A decisão do Supremo Tribunal Federal parece ter
sido feita por encomenda. A PEC 241, o desastre das políticas sociais
brasileiras, certamente inviabilizará a continuidade de muitos programas e
precarizará outros tantos.
Votada por um Congresso Nacional apodrecido e
amparada por um governo cuja legitimidade não virá, a PEC 241 seria objeto de
muitos protestos e greves: contra a PEC 241 por uma educação de qualidade; contra a PEC 241 por uma
saúde pública universal. Contra a PEC 241 pela Constituição!
A situação que se desenha é, portanto, curiosa. Se
protestar, o salário é cortado e a opção é entre a vida e a greve. Se não fizer
protesto e a PEC 241 for aprovada, a escolha é entre a morte a greve.

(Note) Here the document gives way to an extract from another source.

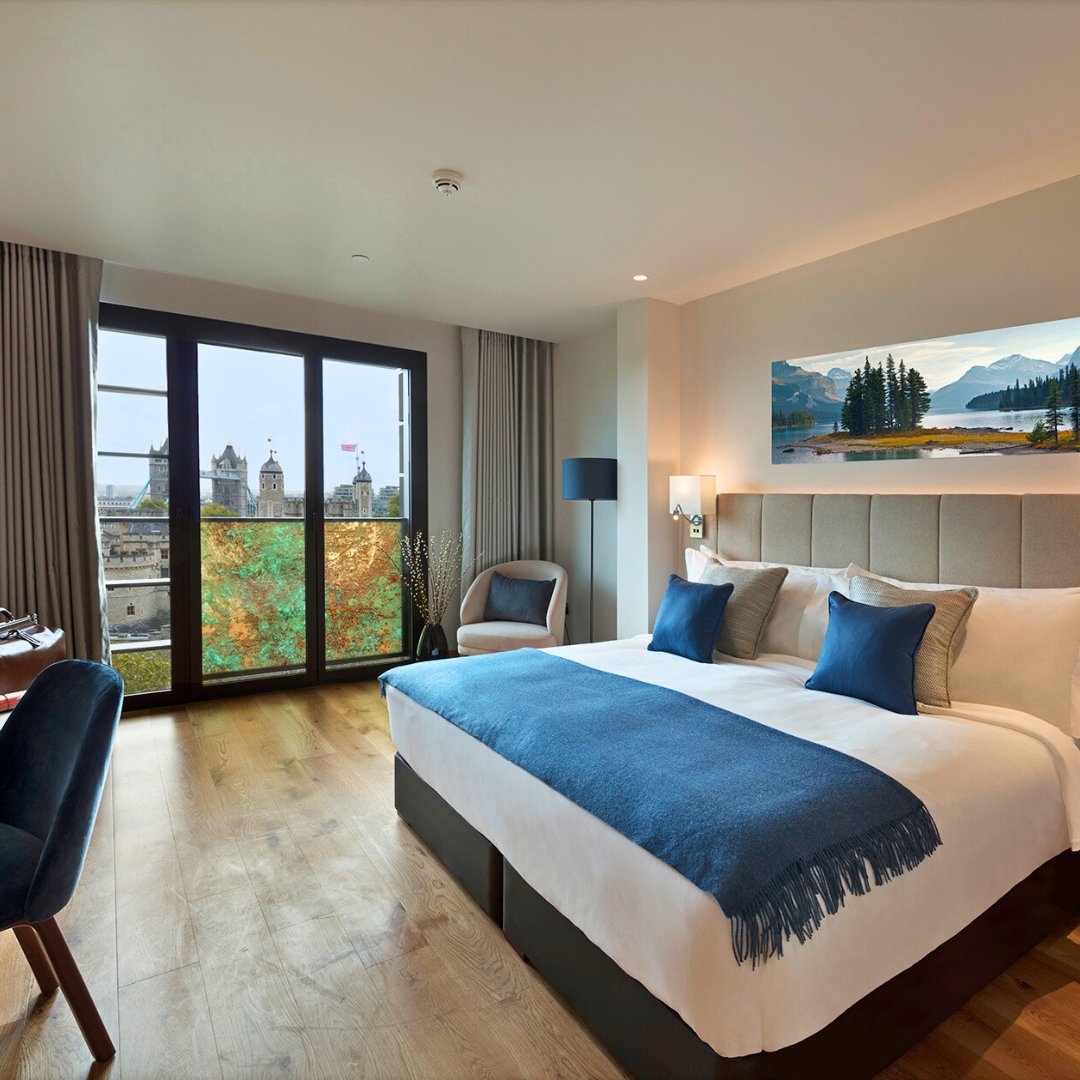 Blue Orchid Hospitality tweet media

Seria cômico se não fosse trágico. A única opção
dada pelo tribunal para não cortar salários seria quando o poder público
estivesse praticando ato ilegal, como atrasar pagamentos. Elementar. Se o
servidor já não recebe o seu salário, e por isso entra em greve, não há o dever
do gestor em descontar o pagamento.
Mas é só trágico. O mesmo Supremo Tribunal Federal
que mudou seu paradigma para admitir o mandado de injunção na garantia do
direito à greve, agora esvazia o direito constitucional.

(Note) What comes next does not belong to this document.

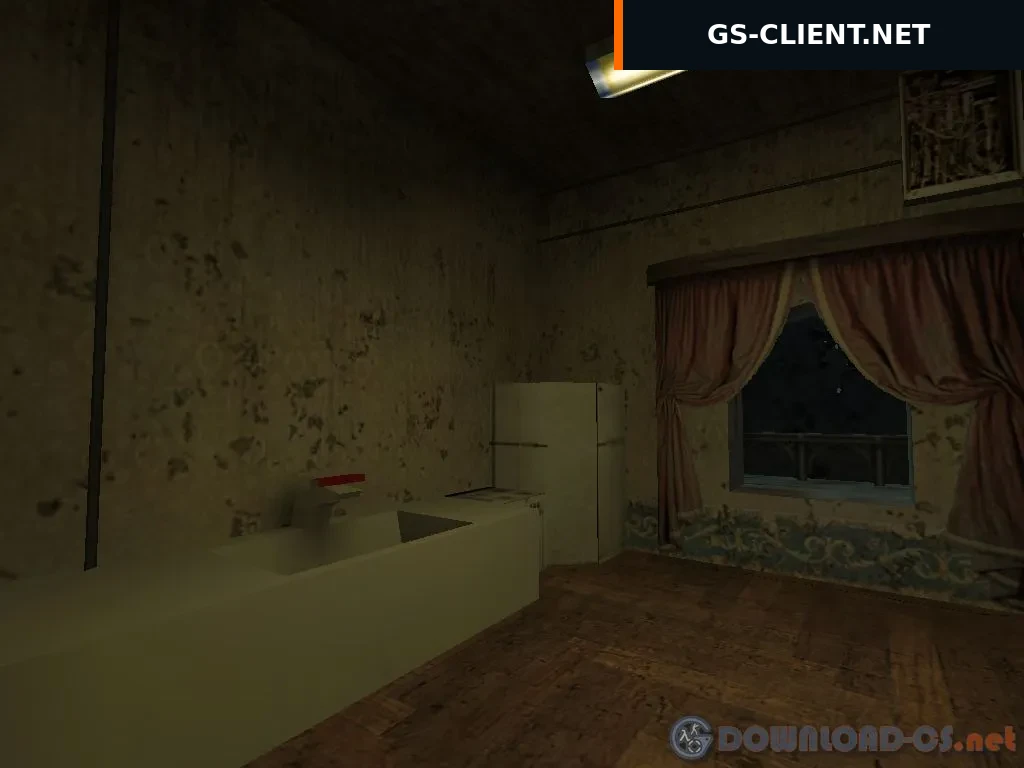 cs_evilcrazy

Ninguém nega a necessidade de regulamentação, de
acordos, de fiscalização. Todos sabemos que serviços públicos essenciais devem
funcionar independentemente da greve. Ninguém ignora que possam existir
oportunistas e abusos. Mas isso não é sinônimo de greve. Greve é sinônimo de
direito. Invariavelmente, a greve é pelo direito de todos.

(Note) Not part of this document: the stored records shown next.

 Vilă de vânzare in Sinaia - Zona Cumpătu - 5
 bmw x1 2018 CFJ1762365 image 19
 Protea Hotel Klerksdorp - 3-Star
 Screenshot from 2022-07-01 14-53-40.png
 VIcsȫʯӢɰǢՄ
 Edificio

O tribunal parece mesmo achar que direito não é lá
grande coisa. Estudamos – assim como os ministros de notável saber jurídico –
que ter um direito é uma coisa importante, algo capaz de proteger contra abusos
e violações. Um direito fundamental, então, é uma maravilha. Ele exige sempre
mais, não pode ser abolido, não pode retroceder e coloca o sujeito (de
direitos) em uma posição elevada. Mas não importa a teoria dos direitos
fundamentais. Ela é só teoria. É só o direito.
A cada interpretação mal-ajambrada do Supremo
ficamos mais distantes do projeto constitucional de 1988. Aquele da
Constituição Cidadã, do Estado Social e Democrático de Direito, da
solidariedade e da pluralidade. Hoje foi o direito a greve, logo depois da prisão em segunda instância, da violação de
domicílio. Tudo indica que virá o fim da educação da qualidade e universal, da
saúde pública integral, da demarcação das terras, da maioridade penal.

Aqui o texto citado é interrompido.